*** EXTRACTED RECORDS Section Begins ***
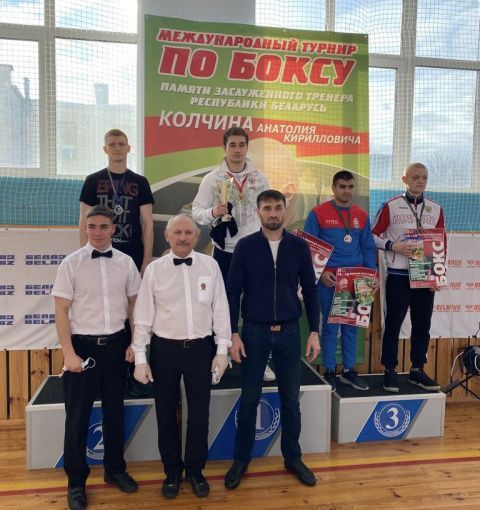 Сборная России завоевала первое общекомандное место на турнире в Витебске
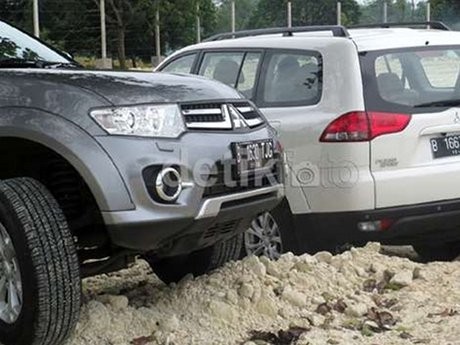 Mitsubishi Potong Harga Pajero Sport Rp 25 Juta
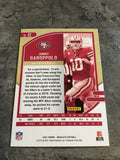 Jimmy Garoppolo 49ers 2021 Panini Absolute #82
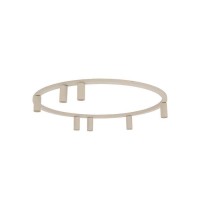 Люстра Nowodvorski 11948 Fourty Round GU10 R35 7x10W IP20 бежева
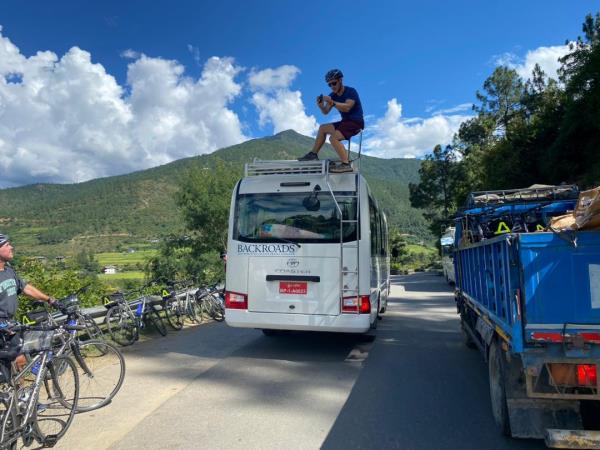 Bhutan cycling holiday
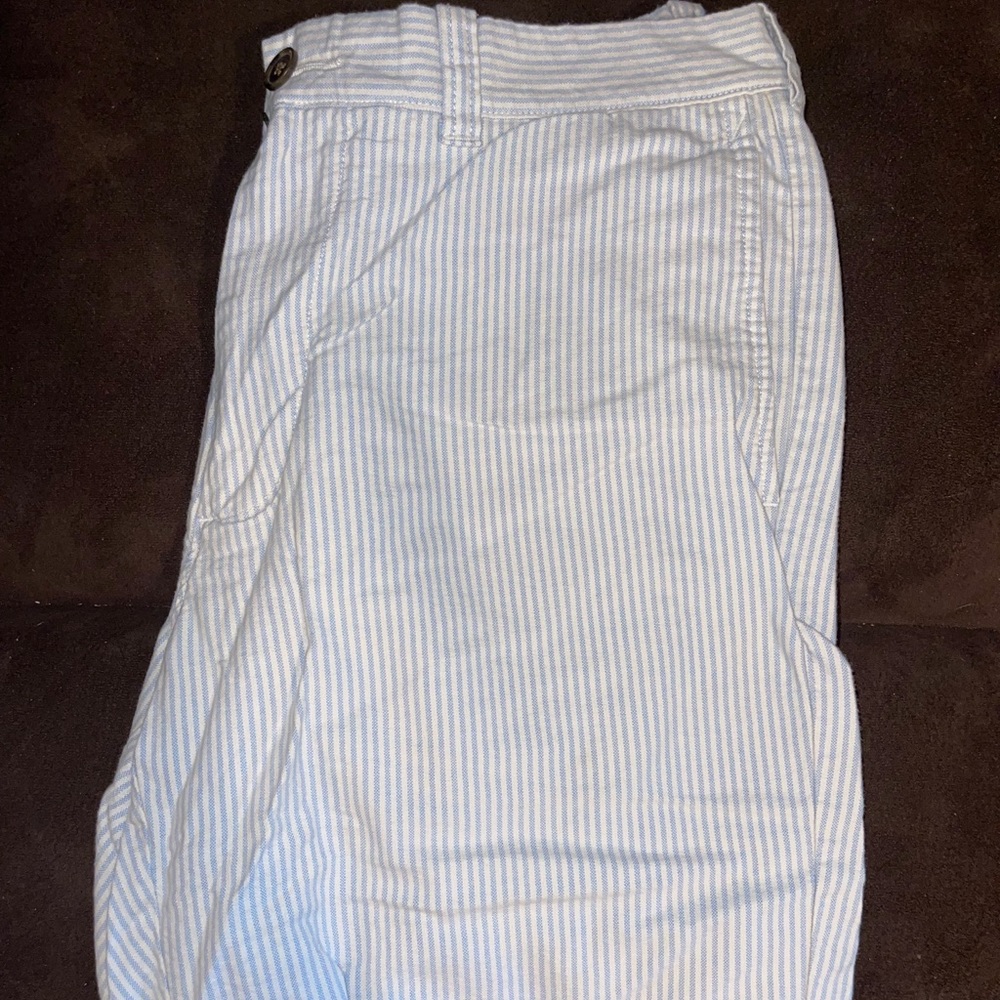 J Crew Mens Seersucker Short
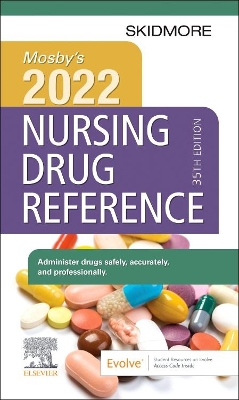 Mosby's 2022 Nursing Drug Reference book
*** EXTRACTED RECORDS Section Ends ***
*** EXTRACTED RECORDS Section Begins ***
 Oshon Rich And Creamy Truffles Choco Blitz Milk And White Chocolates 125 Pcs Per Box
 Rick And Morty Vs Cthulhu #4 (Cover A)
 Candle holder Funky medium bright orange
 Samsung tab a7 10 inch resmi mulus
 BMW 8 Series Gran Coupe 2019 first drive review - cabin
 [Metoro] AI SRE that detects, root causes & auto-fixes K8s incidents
*** EXTRACTED RECORDS Section Ends ***
*** EXTRACTED RECORDS Section Begins ***
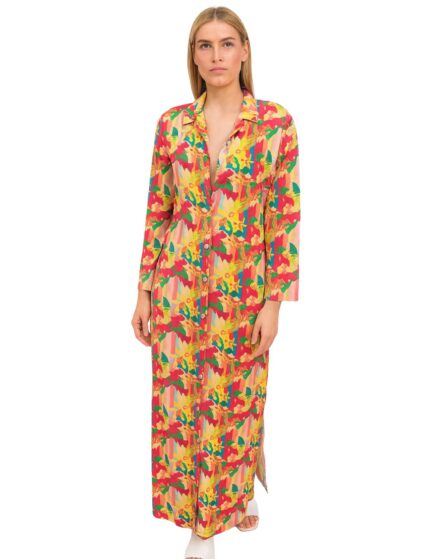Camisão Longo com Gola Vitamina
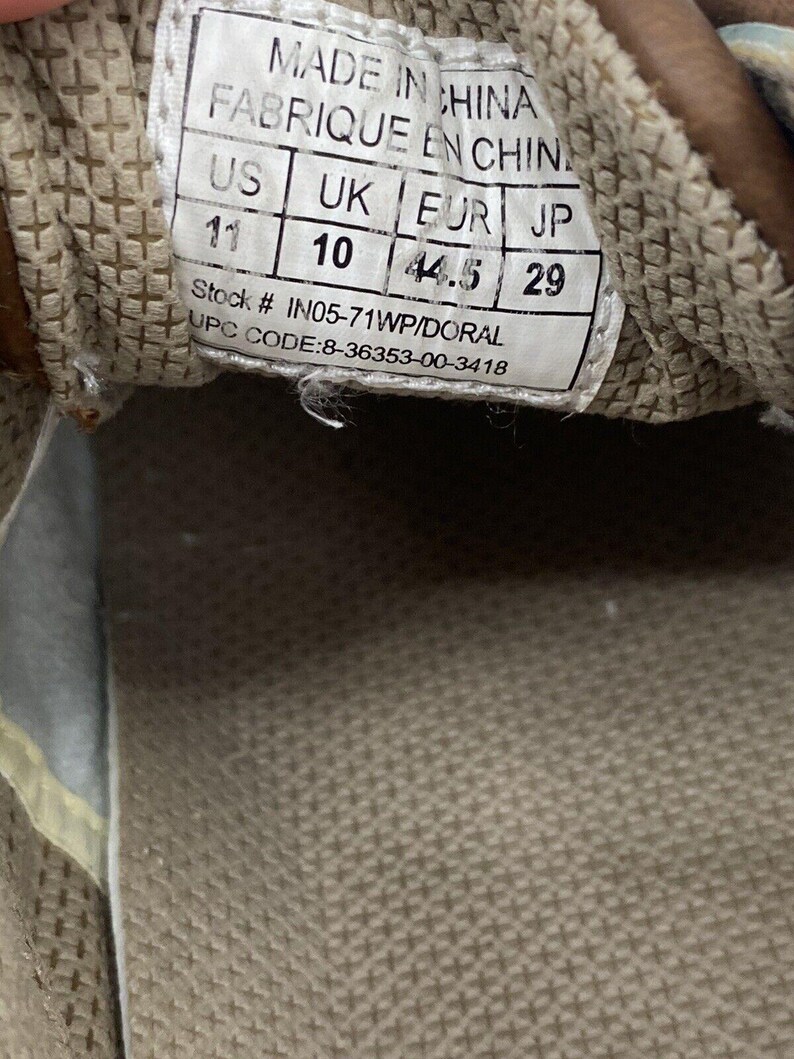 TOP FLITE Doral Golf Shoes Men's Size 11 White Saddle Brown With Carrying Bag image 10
*** EXTRACTED RECORDS Section Ends ***
With the pictures omitted, print the lines above exactly, beginning at the line with "Сборная России завоевала" and going on through the line with "Mosby's 2022 Nursing Drug Reference book".

• COMPLETED EXERCISE:
 Сборная России завоевала первое общекомандное место на турнире в Витебске
 Mitsubishi Potong Harga Pajero Sport Rp 25 Juta
 Jimmy Garoppolo 49ers 2021 Panini Absolute #82
 Люстра Nowodvorski 11948 Fourty Round GU10 R35 7x10W IP20 бежева
 Bhutan cycling holiday
 J Crew Mens Seersucker Short
 Mosby's 2022 Nursing Drug Reference book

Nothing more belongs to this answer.